Data will be NorthAmerica only. Our preference is to have everything run from the command-line. No maps, just the absolute minimum of input and output through the software (with parsing as needed, of course) to get: address in, lat/lon out; two lat/lons in, turn-buy turn driving directions out. Automobile traffic only, fastest route.
From what I have read, it sounds like the most basic driving directions setup is to use OSRM as a library (libosrm). However, when I look for basic system requirements, I see daunting numbers like 175GB of RAM. But, it is not clear if this is for the basic library, or maps, or…?
for libosrm, what is the absolute minimum hardware requirements that I would need to build a proof of concept machine? Can I get away with dramatically less RAM and have the software function just for minimal tests even if it is dog meat slow?
I have installed Nominatum on a concept box to use for geocoding. Is there a better barebones geocoding solution out there that will, eventually, run on a high-demand server? Again, command-line driven. Ins and outs. My assumption is parsing large XML files is not the way to go on this (as in a database is better) but I really don’t know.
Is there anything else you can point me to that will help? While I have seen many, many posts and pages, most are for maps, web servers, or APIs for exiting services on servers run by others. We need to run our own software.
You can’t get away from memory requirements for building your OSRM routing model: it’s inherent in the whole architecture of the solution. Once built it does not require anything like the memory of the build phase. I believe some folk rent an AWS instance to do the build and then host the completed database themselves.
I cant really speak for or against Nominatim as the geocoder.
One other point is that complete addresses are, at best, patchy in OSM: most of the time this is not too critical, but long named highways without addresses may give suboptimal geocoding results (e.g., at the wrong end of a 2-3 mile highway). On the other hand adding that data to OSM automatically improves the geocoding.

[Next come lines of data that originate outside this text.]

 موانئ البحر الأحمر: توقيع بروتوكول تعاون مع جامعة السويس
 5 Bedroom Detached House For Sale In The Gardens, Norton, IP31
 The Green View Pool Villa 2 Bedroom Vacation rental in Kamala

US Accuracy: while we have not tested it extensively on a large data set, so far so good.
Processing: plenty fast for our application
US Accuracy: Really poor. I ran tests on it using several different sources for addresses. The last was 1807 US addresses. Of those, it failed to geocode 1151 completely. I know that OpenStreets has better EU data than the US. Could that be the issue? Something else? Any suggestions? Not looking good…
Response time: Slow. Best was 0.107739 seconds; worst was a whopping 12.237395 seconds. Average was 0.423390 seconds. Looking around forums, I see suggestions of using SSD drives. But, unless we can get around our preliminary accuracy problems, we likely won’t pursue speeding it up.

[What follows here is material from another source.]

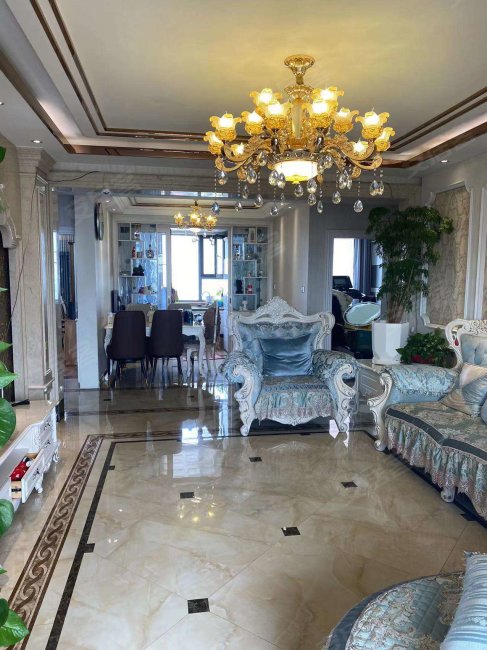 东方佳园带车位储藏室精装修南北通透老证诚心卖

Anyone have any experience using Photon for US addresses? Or, know of a website that is using it for US geocoding in a real-world production situation other than Komoot (the European company that developed it – https://www.komoot.de/)). Using their front-end at http://photon.komoot.de/, when I throw in some addresses by hand from the failed list, it confirms my findings. In short, it looks like it is not going to work for us for US, but I would appreciate any info on the experience of others. Thanks!

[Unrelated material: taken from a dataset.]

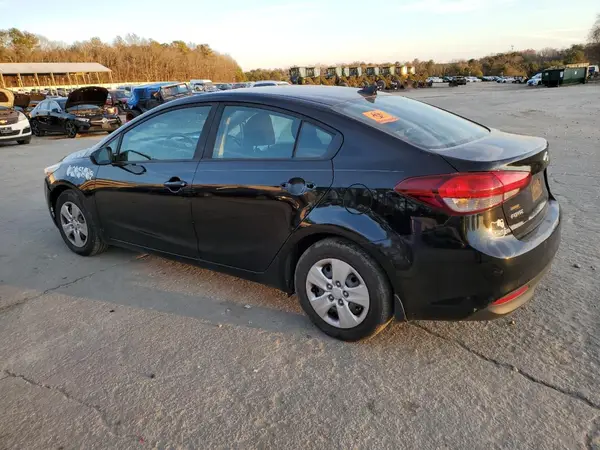 3KPFK4A76HE063775 2017 KIA FORTE - Image 2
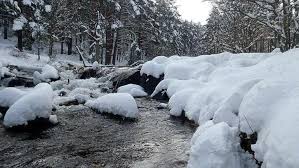 ^*^emblematico hotel boutique palacete 3* en venta en navacerrada. Raquetas De Nieve Navacerrada Ven A Probar La Sensacion De Flotar Sobre La Nieve Amadablam Aventura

SSD is a must for Photon. I’ve run it on spinning rust, dedicated SSD and virtual machine SSD. Spinning rust response times are terrible. VM SSD is tolerable but inevitably has a startup delay for the first response. Dedicated SSD is much better.
OSM is generally not good at address-level geocoding the world over. It’s better in Europe than the US but still not great. Ultimately the reason is that surveying house numbers is really boring and you’ve got to be a bit broken in the head to want to spend your weekends doing that…
You could consider using the TIGER Geocoder that ships as part of PostGIS. Mapzen’s Search product uses OpenAddresses data (generally municipal/state) as well as OSM; it’s open source so you can install it yourself, though I don’t know of anyone who’s done that, or you can use their commercial hosted version. And of course there are other commercial services such as Mapbox.